▶ _Work to complete_: Down to the last line below, write out every line exactly, starting with the one that contains "2024 Jeep Wagoneer Series III - Photo 13" and leaving out the pictures.

▶ _Information shown_:
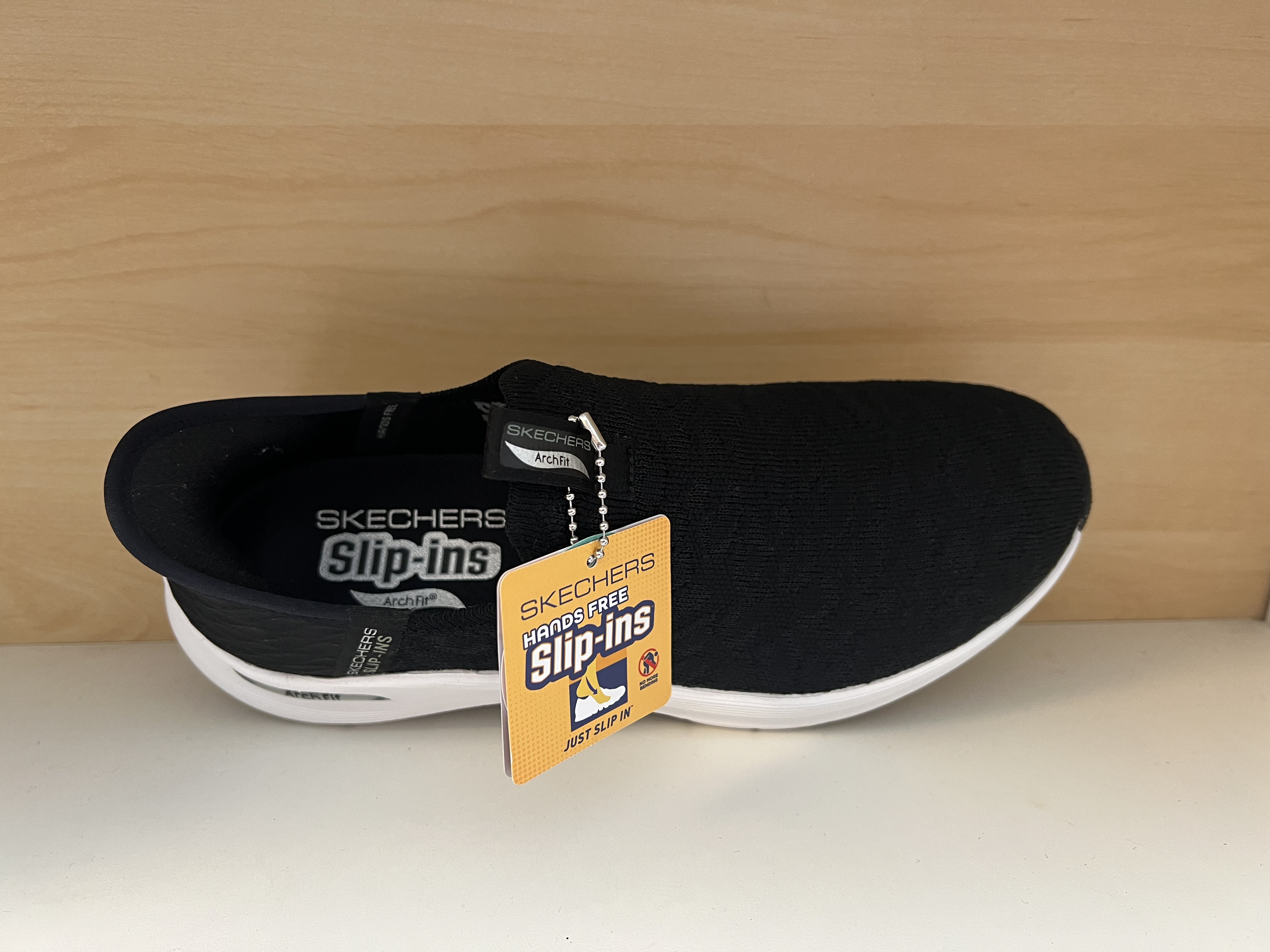 Skechers ArchFit. Svart med vit sula. Slip-ins. - 2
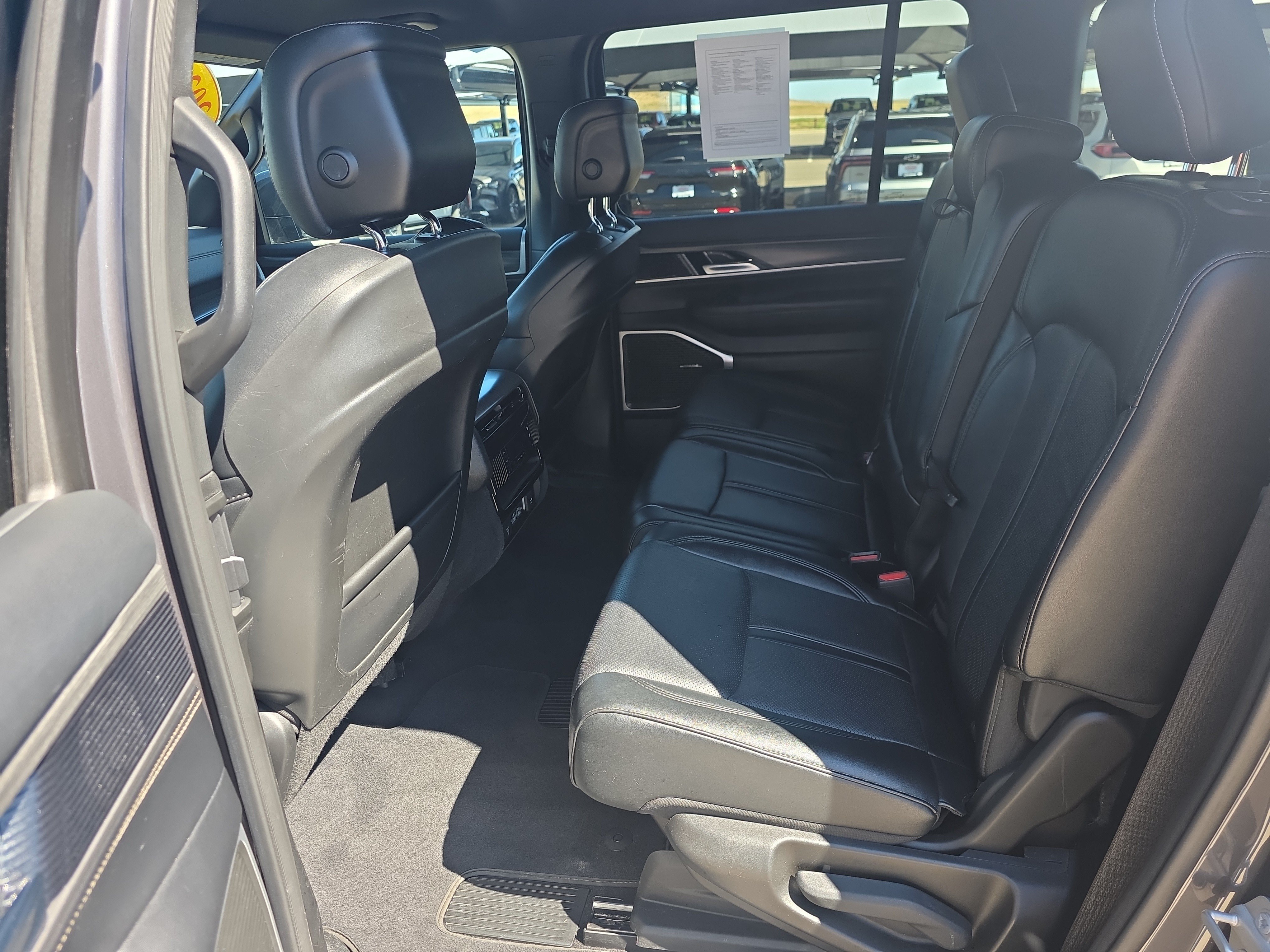 2024 Jeep Wagoneer Series III - Photo 13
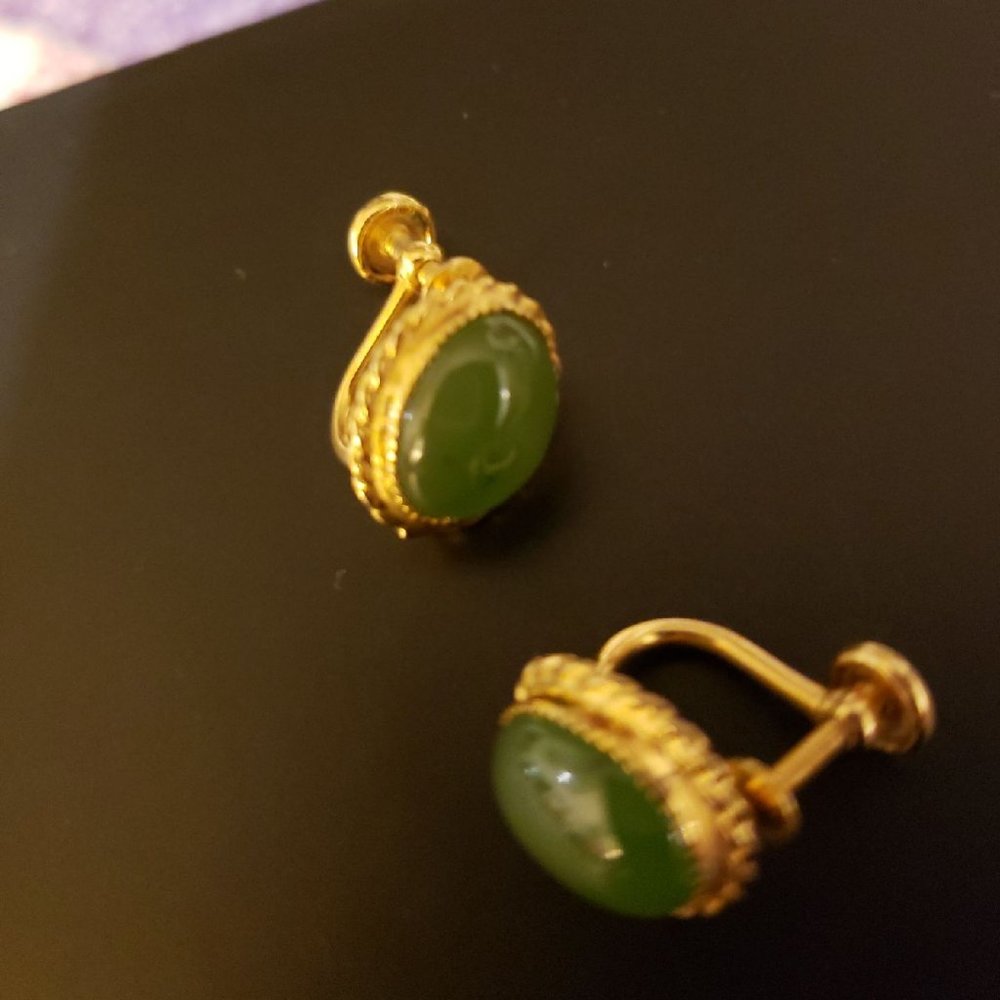 Vintage 12k Gold stamped, Jade earring Clip on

▶ _Solution_:
 2024 Jeep Wagoneer Series III - Photo 13
 Vintage 12k Gold stamped, Jade earring Clip on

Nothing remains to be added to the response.